Many of these features are enabled by default, so the primary purpose of this guide is to give you a walkthrough of how they all work. But if you restored your settings from a previous Android phone when you set up your Pixel, some of these won't be enabled, so I'll make sure to show how to turn them on just in case.
There's a new Android feature called App Shortcuts that lets you jump right into certain actions within your apps. Just long-press the app's icon on your home screen and you'll see a list of shortcuts — tap one, then you'll be taken directly to that part of the app. For instance, long-press the Phone app and you'll quick links to call your most frequently-called contacts. Long-press the Maps app and you'll get one-touch navigation shortcuts.
If you knew about this already, good for you! But did you know you can turn any of these shortcuts into a home screen icon? To do so, just long-press an icon, then long-press one of the shortcuts that appears on the popup. From there, drag the shortcut to an empty spot on your home screen and you'll have an easy way of performing that action at any time.
Android Pie has new gesture controls, and the most central one is an upward swipe that opens your Overview screen (commonly referred to as Recent Apps). From there, if you swipe up again, you'll open your app drawer — particularly handy for launching apps while you're in a different app.
But even better, you can skip the overview screen and go straight to the app drawer in one gesture. Just swipe up from the bottom edge of your screen to just about halfway up (somewhere around the 40% mark does the trick). This "long swipe" opens your app drawer in one shot, even if you were using an app and weren't on your home screen.

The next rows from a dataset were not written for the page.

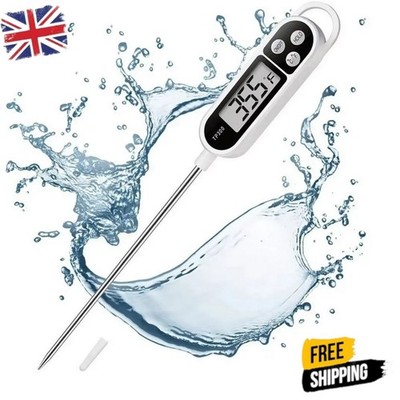 Digitales Fleischthermometer Lebensmittel Temperaturfühler zum Kochen BBQ Truthahn Küchen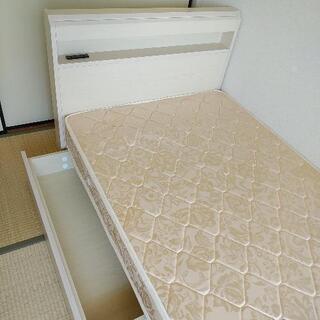 【ネット決済】収納付きシングルベッド（未使用)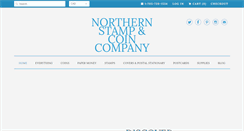 Desktop Screenshot of northernstampcoin.ca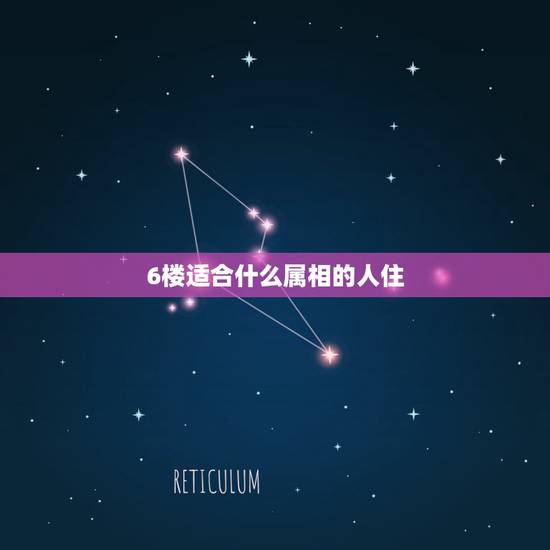 6楼适合什么属相的人住，请真正懂八字五行属相之类的人进来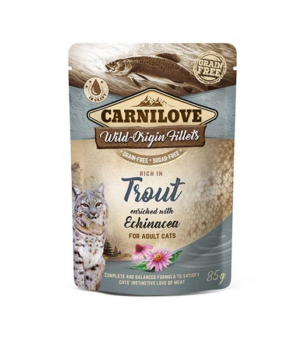 POCHON CARNILOVE CHAT TROUT 85GR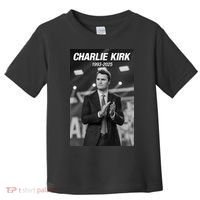 Charlie Kirk Memorial Rest In Peace Toddler T-Shirt thumb 0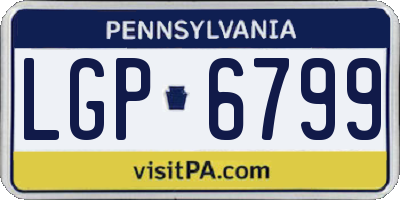 PA license plate LGP6799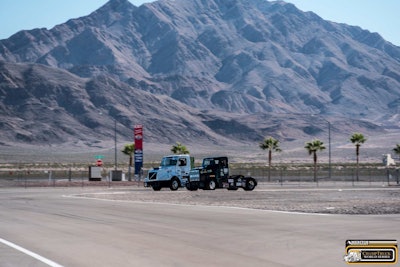 Mike Morgan and Krisztian Szabo jockey for position.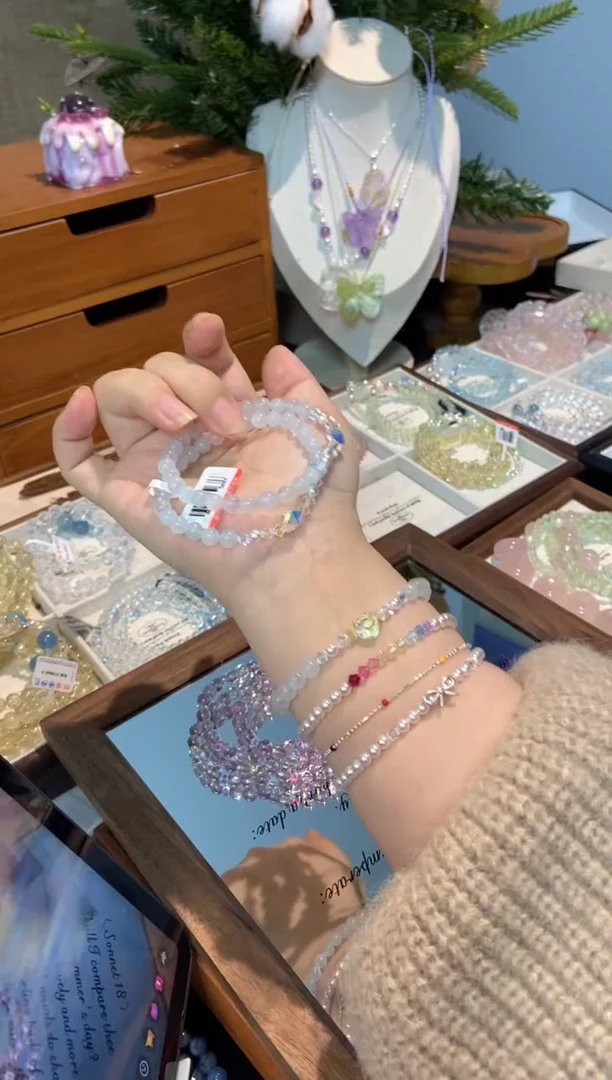 未镶嵌手串水晶孤品捡漏均匀瑕疵介意勿拍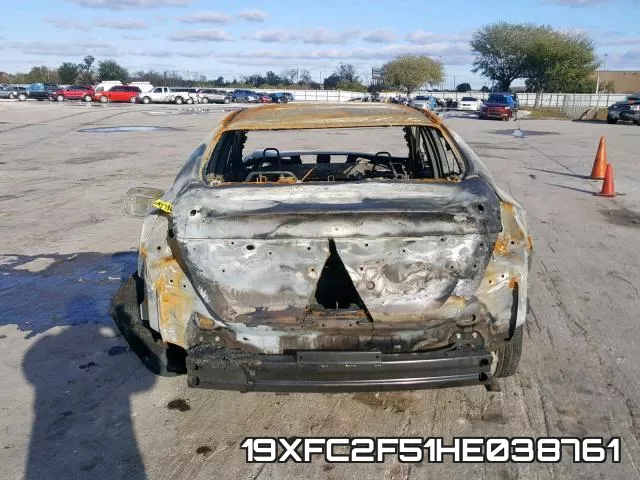 19XFC2F51HE038761 фото 2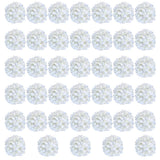 Cherica White Hydrangea Artificial Flowers Bulk, 40 Pcs Faux Hydrangea Heads Hydrangea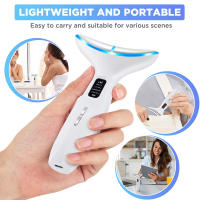 2025 Nuevo instrumento de belleza para el cuello, masajeador de microcorriente EMS para rostro y cuello, iluminación facial, instrumento de belleza para el cuidado de la piel. - details 10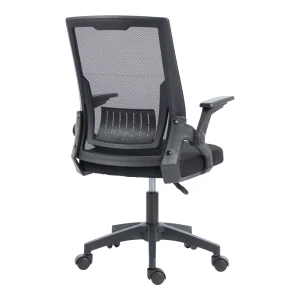 Καρέκλα Γραφείου Εργασίας Penza Mesh Χρώμα Μαύρο 48X58X92-102Εκ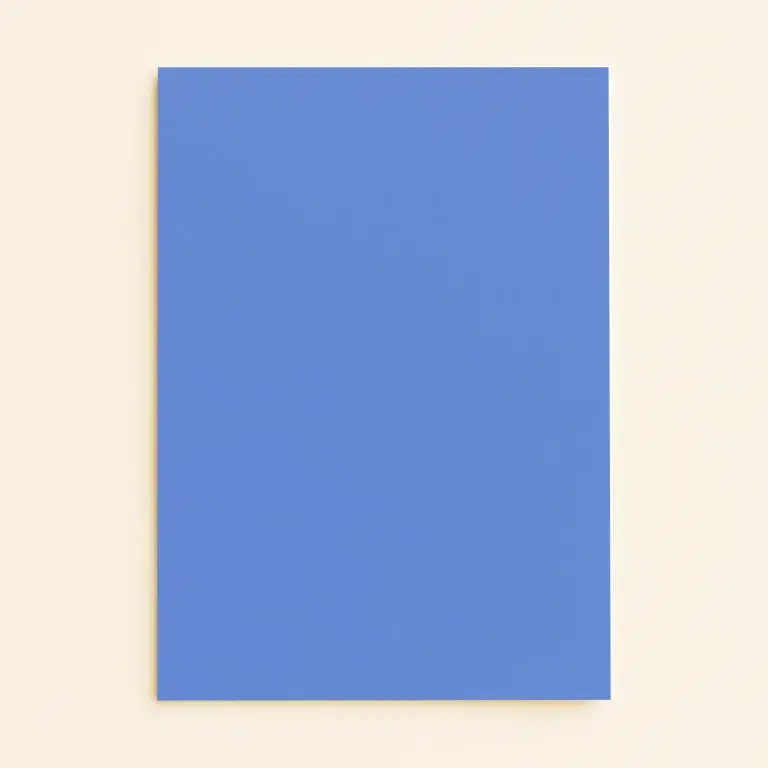 128mm x 178mm (5x7) Flat Sheet Card - Keaykolour Azure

Speaking of the gestures, you may be under the impression that you have to start your swipes from a particular place on the screen — probably that little "pill" icon that replaced the old home button. But in reality, you're free to be a lot more sloppy with your gestures — they work if you initiate the swipe anywhere along the bottom of your screen. The same goes for the flick-left-to-switch-apps gesture!
The Pixel 3 uses Gboard as its default keyboard, which means you get a host of cool features. One of its most useful extras is something that's not very discoverable: just swipe left or right on the spacebar to move the cursor within a text field.
When you get a call and your phone is locked, you'll see a screen with the caller's name or number, a couple of options, and a green phone icon in a circle. The phone icon bounces a little and there's a message saying "Swipe up to answer," so you'd think you have to drag that little icon upwards to pick up the call — you don't.
Instead, just swipe up anywhere on the call screen to answer the call. You can even swipe down from anywhere on this screen to reject the call.
In my personal opinion, the absolute coolest Pixel 3 feature is "Screen call." When you get a call from an unknown number, just tap the "Screen call" button — it appears on the main call screen and on the popup notification that shows up when you get a call while your phone's unlocked.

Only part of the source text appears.